Ecole 42Simplon, ou encore WebForce 3… Plusieurs écoles d’informatique se créent en France pour former des publics éloignés des métiers du numérique, issus de couches sociales défavorisées ou sous-représentées dans l’innovation (jeunes des quartiers populaires, décrocheurs scolaires, etc.). Parmi eux figurent des jeunes français issus de la diversité et d’origine africaine, qui conservent souvent des affinités très fortes avec leur pays d’origine. En sortant de ces écoles, ils deviendront développeurs ou directement startupeurs. Avec leur double culture franco-africaine, ces talents de la Diaspora Tech joueront un rôle de facilitateur entre les écosystèmes français et africains, devenant en quelque sorte des Ambassadeurs de la French Tech qui feront rayonner le savoir-faire digital français en Afrique.
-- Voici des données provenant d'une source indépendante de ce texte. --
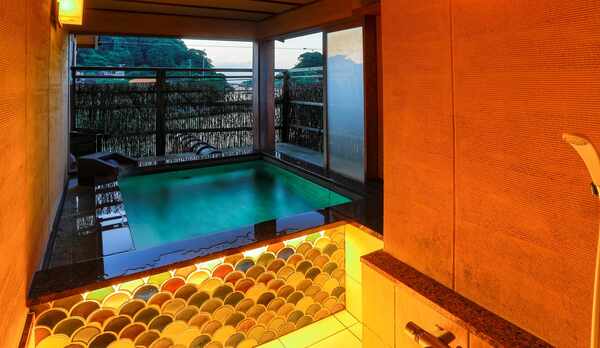 【貸切風呂】潮風を感じながら寛げる人気の貸切風呂。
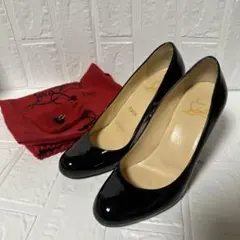 【極美品】クリスチャンルブタン パテント パンプス 黒 35 替えリフト・袋付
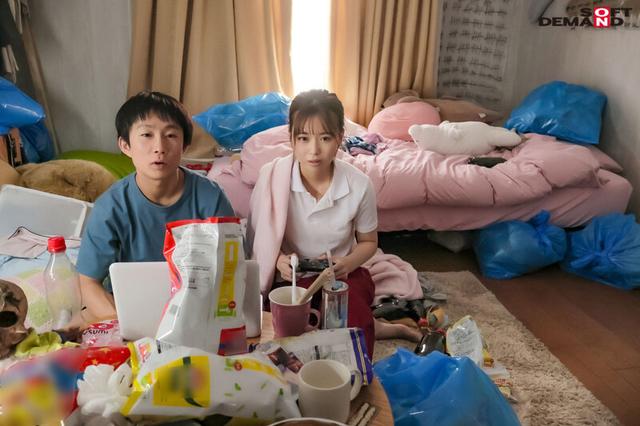 7年間汚部屋で引きこもり生活をしている中卒妹は初体験を寝ているボクで済ませ、その後もボクを逆夜●い（避妊具ナシ）して性欲処理しているのを知っている。 樟葉杏 サンプル画像 15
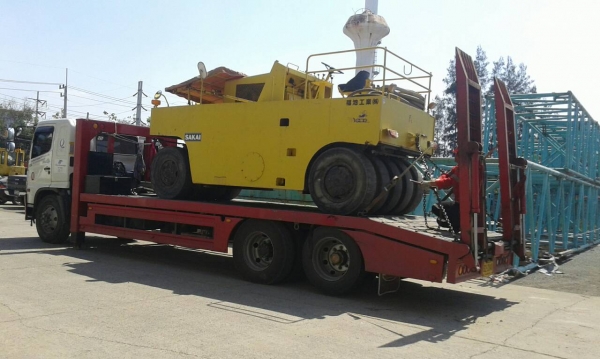 ส่งมอบครับ 9ล้อ SAKAI TS7409 ขอบคุณลูกค้ามากๆครับ ส่งมอบครับ 9ล้อ SAKAI TS7409 ขอบคุณลูกค้ามากๆครับ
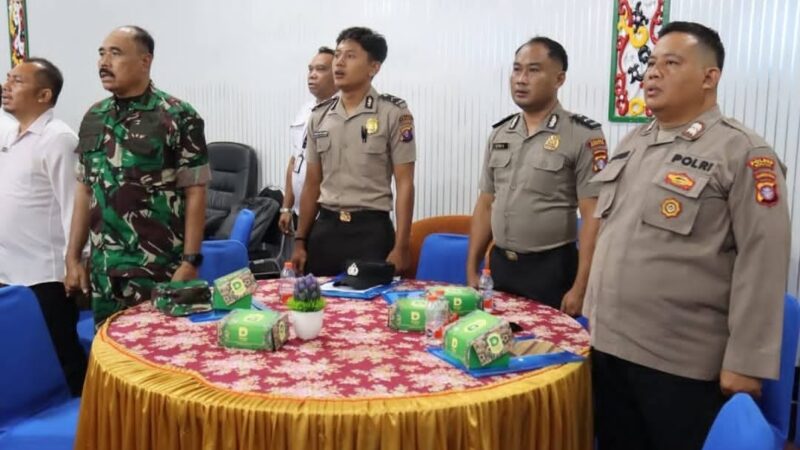 Komandan Kodim 1015/Sampit Hadiri Rapat Evaluasi Pengendalian Karhutla di Wilayah Kab Seruyan TA 2025.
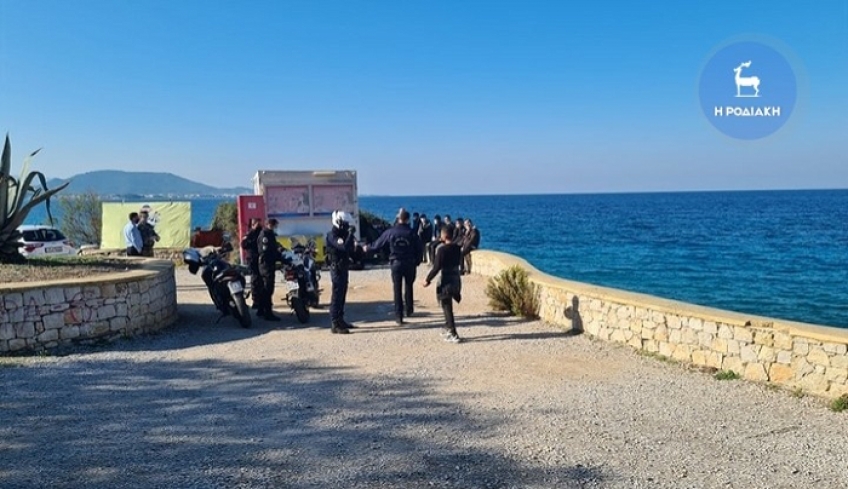 Συνελήφθη ο διακινητής που αποβίβασε τα 12 άτομα στις Κάτω Πέτρες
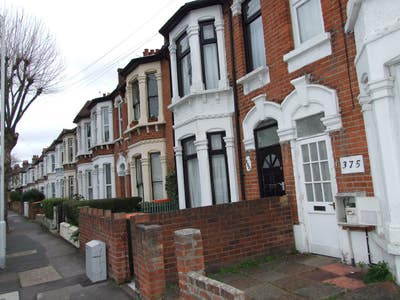 Ilford,E15,Light 4 Bed House with Garden Main Photo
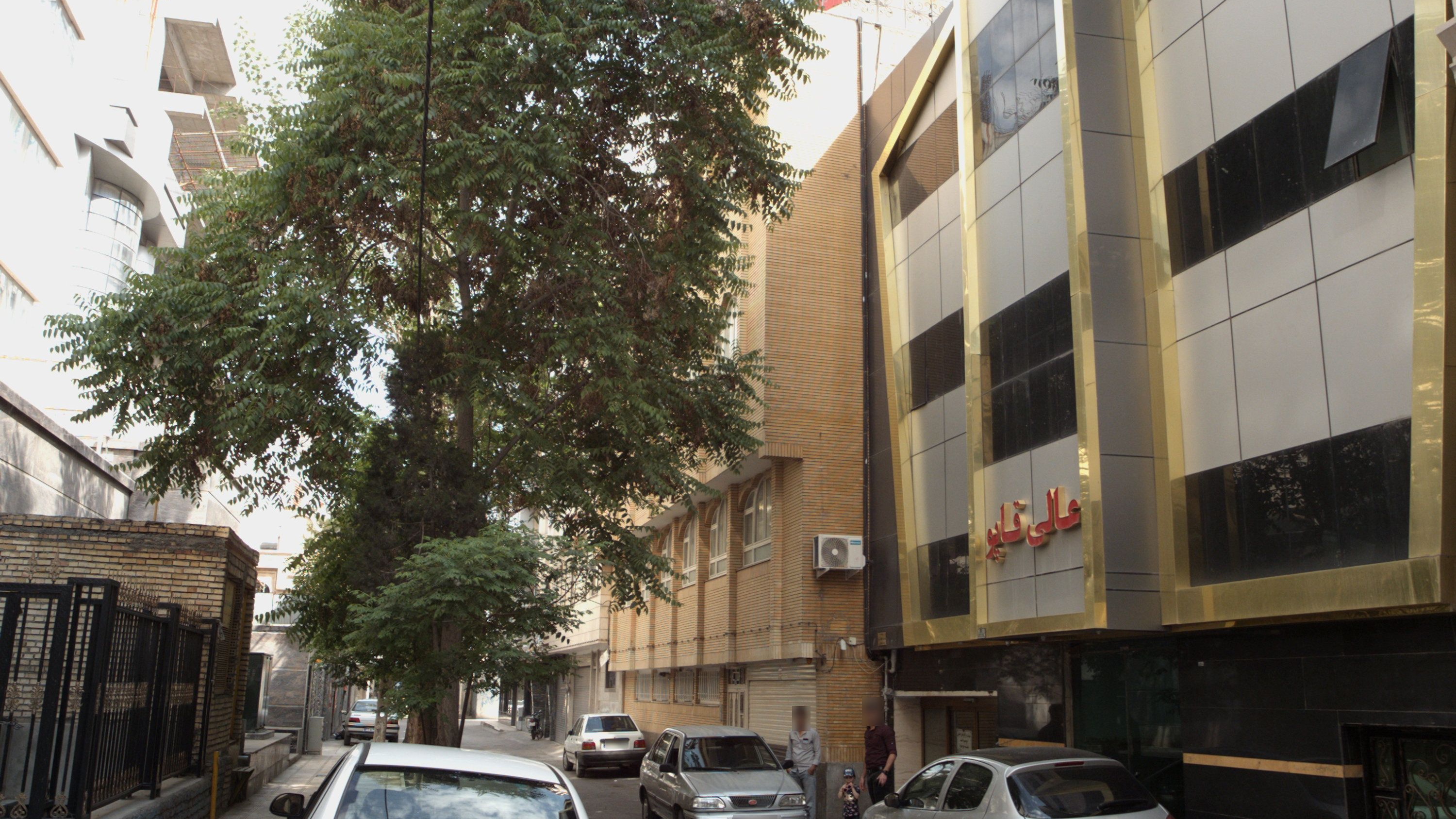 هتل عالی قاپو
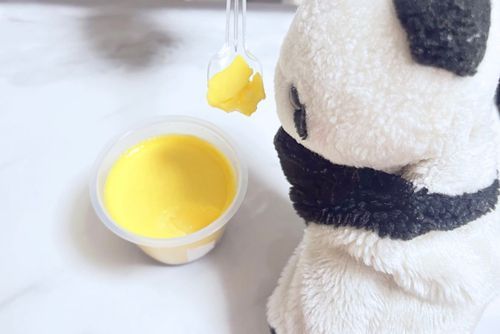 デザートのプリンをぱくり🍮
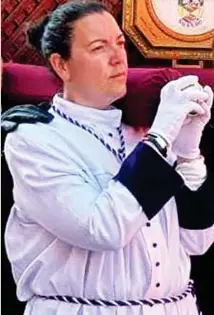 CAPIROTES QUE IGUALAN GÉNEROS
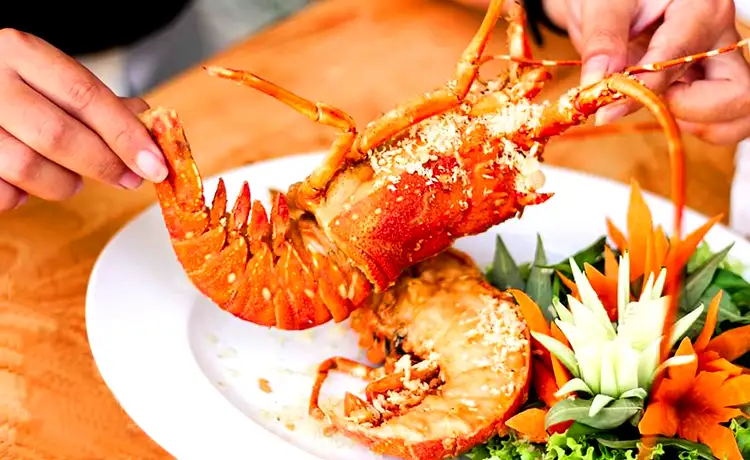 tôm hùm bình hưng xốt me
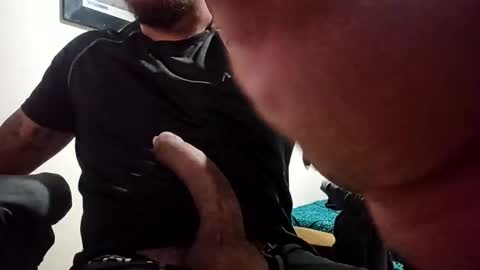 Snapshot of danielsad24 chatting on 10-06-25, 06:44 Danielsan online show from 10-06-25, 06:44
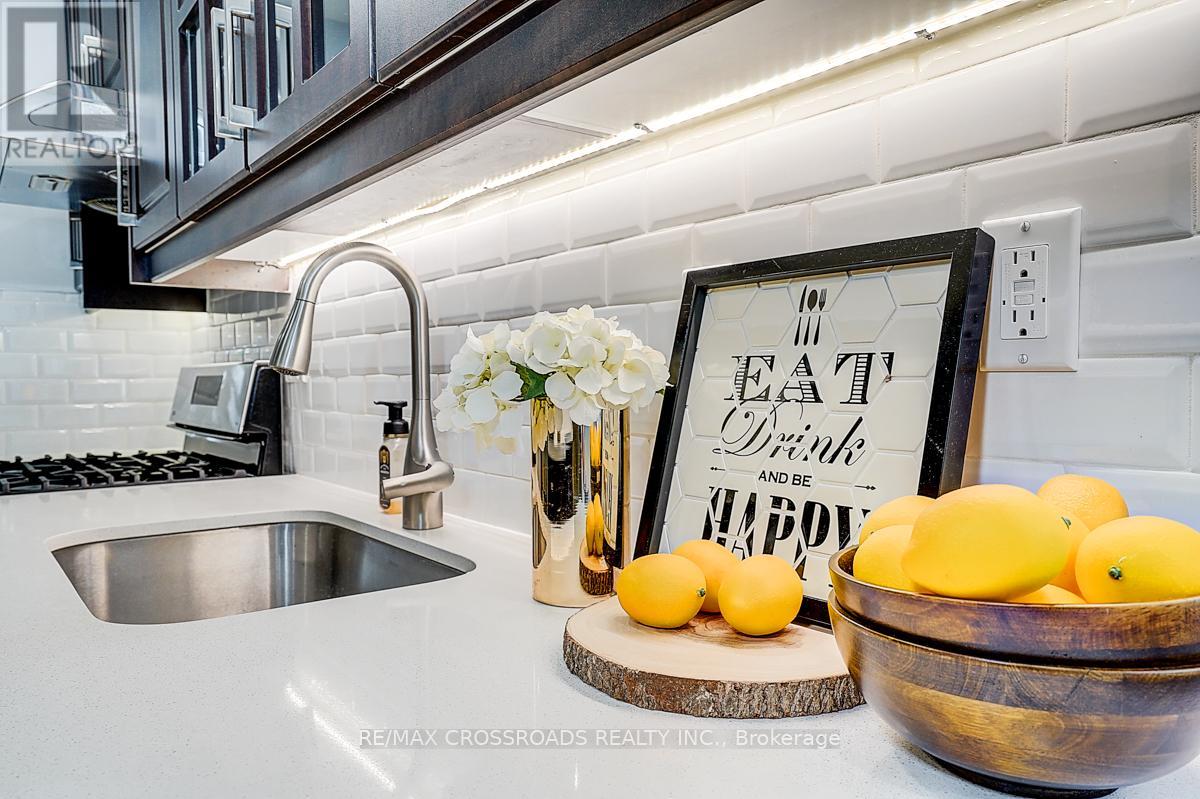 78 Fred Varley Drive, Markham, Ontario  L3R 1S7 - Photo 20 - N12580532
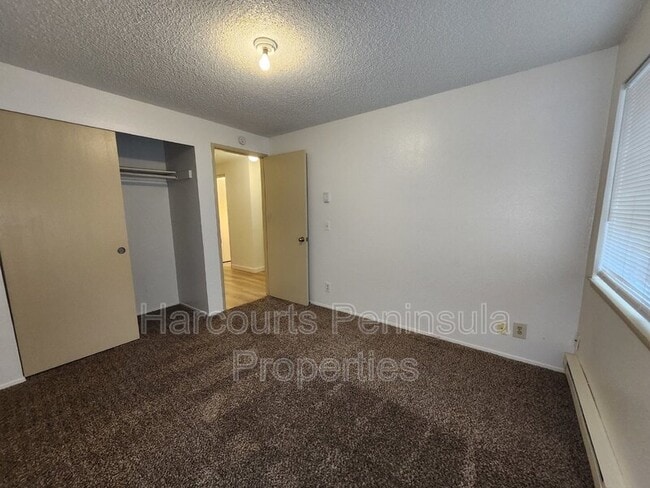 Building Photo - 45 NE Torval Canyon Rd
Par exemple, l’école de codeurs-entrepreneurs Simplon va former plusieurs jeunes français d’origine africaine qui dès leur sortie créeront des startups apportant des solutions en France mais aussi en Afrique, où ils monétiseront leurs business models. Notons que parmi les dirigeants de l’école 42 figure un talent Tech d’origine africaine qui peut être sensible à l’approfondissement de cette approche.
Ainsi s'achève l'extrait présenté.